Kitchen hand scores high in TOEFL
It would not be easy for an outstanding student at a prestigious university to score as high as 630 in the Test of English as a Foreign Language (TOEFL). But a young chef at Qinghua University, one of the top 10 universities in China, scored 630 the first time he took the test.
Learning English from packaging boxes
Zhang Liyong, 29, is from a remote mountainous village in East China's Jiangxi Province and has worked as a migrant worker in Guangzhou and Beijing for 10 years.
Like many country boys, Zhang dreamed of going to college when he was a senior high school student.
But, in 1994, he had to quit high school because he could not afford to continue, even though he had just one more year left before graduation.
He made a bold decision to move south to make money to support his family.
When he left his village, his mother put a dozen high school textbooks in his travel bag, saying: "Mom and Dad are so sorry we were unable to support you in finishing high school and going to college."
"Don't be upset, Mom," Zhang replied. "I just want to put off my dream of going to college until later."
On arriving in Guangzhou, Zhang first entered a bamboo artifact factory and then moved to an export-oriented toy factory.
Almost everything in Zhang's workshop was printed in English.

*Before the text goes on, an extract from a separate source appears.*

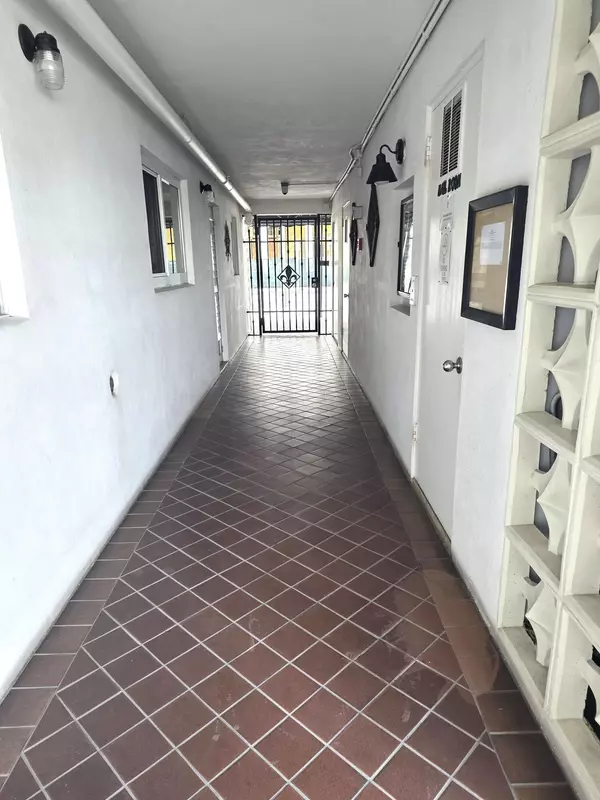 Lake Worth Beach, FL 33460,1 N Golfview RD 500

The order was written in English, and the toys and packaging boxes were all printed in English.
Zhang took out his English textbooks and bought a small English-Chinese dictionary to find out the meaning of English words on the boxes.
One day, the factory received a number of foreigners and he saw a young Chinese interpreter in a neat suit talking freely with them.

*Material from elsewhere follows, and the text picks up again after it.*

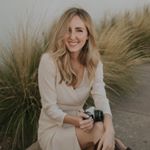 Profile Picture of ash | wedding photographer 〰️ (@ashleehuffweddings) on Instagram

Although he did not understood a single word, Zhang perceived his ambition was stirred.
A special student on campus
With the help of his uncle, Zhang, 21, moved north in June 1996 to work as a chef in the No. 15 dining hall of Qinghua University.
When he first arrived at the university, Zhang felt the university's students were lucky.
But after walking around the campus, he began to understand that it was not too late for him to improve himself.
He decided to pursue English studies. He bought some teaching materials and began to teach himself English.
On a low salary, he could not afford a teacher but he did buy a second-hand radio.
He had to get up at around 4 o'clock every morning to prepare food for the students and worked at least eight to nine hours a day.
He stayed up late to study. Since there was only a bulb light in the dormitory, the 10 roommates had to get used to sleeping with the light on.
After a while, he decided he did not want to disturb them so he rented a five-square-meter room in a flat.
It was not easy to stay awake after a day's hard work. Zhang tried different ways to keep awake and finally decided the most effective way was to drink hot water.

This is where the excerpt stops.